In our Irish Calendar, The Days of the Brindle Cow or The Old Cows Days are the final days in the month of March and the first three days in April.
This expression comes from an old folktale, demonstrating the unpredictability of the weather at this time of year here in Ireland. . .
The folktale is as follows:
As the month of March drew to its end, an old brindled cow boasted to the rest of the herd that even this harshest of months could not kill her. The month of March, overhearing the boastful heifer, took umbrage with her and so decided to teach her a lesson. . .
So, March ‘borrowed’ three days from the month of April and made each of them bitterly cold, sending howling westerly winds and heavy rains. The result was the demise of this poor and unfortunate Brindled Cow !
The Brindled Cow (Bó Riabhach) was once a common native breed here in Ireland but now are dwindling out.

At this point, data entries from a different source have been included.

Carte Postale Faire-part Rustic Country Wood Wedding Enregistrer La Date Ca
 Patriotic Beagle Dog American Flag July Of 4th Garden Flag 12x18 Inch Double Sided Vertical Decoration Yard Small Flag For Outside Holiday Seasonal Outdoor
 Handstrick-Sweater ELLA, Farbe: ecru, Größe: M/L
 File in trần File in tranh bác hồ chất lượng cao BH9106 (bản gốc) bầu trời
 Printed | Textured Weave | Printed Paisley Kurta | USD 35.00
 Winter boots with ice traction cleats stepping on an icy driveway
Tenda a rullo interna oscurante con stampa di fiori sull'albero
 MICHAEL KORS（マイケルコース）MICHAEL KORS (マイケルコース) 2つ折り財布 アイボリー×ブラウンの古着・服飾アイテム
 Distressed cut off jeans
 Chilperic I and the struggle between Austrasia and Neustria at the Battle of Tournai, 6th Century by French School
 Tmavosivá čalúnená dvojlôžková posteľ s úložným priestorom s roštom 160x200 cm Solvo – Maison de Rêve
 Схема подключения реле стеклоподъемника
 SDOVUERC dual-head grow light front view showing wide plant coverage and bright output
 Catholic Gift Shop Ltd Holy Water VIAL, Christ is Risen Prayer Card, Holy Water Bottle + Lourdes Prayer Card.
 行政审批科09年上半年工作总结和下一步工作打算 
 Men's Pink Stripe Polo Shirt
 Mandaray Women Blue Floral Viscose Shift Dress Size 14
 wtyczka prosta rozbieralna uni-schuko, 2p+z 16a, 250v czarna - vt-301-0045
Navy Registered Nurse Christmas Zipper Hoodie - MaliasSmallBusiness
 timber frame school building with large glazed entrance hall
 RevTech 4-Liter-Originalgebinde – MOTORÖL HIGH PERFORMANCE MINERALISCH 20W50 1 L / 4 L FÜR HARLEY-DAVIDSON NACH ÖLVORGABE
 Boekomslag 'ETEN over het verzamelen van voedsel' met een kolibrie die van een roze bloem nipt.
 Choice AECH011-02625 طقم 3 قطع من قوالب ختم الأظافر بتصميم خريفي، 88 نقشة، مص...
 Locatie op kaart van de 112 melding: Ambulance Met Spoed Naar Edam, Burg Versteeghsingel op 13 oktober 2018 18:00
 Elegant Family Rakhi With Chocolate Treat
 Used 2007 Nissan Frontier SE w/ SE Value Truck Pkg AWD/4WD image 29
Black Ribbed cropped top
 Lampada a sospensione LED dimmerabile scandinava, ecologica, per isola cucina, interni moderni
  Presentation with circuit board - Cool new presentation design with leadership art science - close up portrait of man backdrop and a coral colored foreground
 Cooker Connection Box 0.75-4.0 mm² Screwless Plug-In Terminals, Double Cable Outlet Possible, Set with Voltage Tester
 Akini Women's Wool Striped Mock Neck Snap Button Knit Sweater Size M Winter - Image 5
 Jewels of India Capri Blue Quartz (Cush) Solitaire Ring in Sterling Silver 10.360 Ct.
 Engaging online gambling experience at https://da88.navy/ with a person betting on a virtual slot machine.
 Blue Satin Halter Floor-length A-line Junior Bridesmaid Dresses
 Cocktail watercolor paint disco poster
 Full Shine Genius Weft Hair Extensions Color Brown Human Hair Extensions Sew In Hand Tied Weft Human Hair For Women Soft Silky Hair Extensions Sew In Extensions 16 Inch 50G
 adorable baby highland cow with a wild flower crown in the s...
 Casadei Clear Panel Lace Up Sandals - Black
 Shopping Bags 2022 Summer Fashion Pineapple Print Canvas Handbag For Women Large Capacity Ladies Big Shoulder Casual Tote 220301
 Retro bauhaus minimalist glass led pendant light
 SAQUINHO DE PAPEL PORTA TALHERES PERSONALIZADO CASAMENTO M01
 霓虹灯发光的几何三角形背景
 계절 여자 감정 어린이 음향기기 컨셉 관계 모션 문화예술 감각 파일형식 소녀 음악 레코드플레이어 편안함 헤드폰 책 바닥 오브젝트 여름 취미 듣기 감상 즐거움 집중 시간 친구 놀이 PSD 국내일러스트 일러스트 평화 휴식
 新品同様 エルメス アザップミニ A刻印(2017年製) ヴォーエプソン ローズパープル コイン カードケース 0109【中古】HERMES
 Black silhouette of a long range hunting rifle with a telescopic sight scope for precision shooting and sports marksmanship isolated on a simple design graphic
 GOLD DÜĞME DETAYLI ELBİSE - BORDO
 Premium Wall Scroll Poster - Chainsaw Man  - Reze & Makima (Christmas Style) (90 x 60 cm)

From the Irish Rare Breeds Association:
“The word “riabhach” is given in O Donaill’s dictionary as “streaked”, striped, brindled and the spelling has remained unchanged back to Old Irish. The pronunciation in English is “on vo ree-av-och”. Riabhach also has wider meanings as in speckled grey, dull, drab, e.g. “ La riabhach” – a dull day.
Unfortunately, the numbers of Bó Riabhach Cattle remaining in Ireland are estimated to be as little as 60-70 and are spread amongst ten devoted breeders throughout the country.”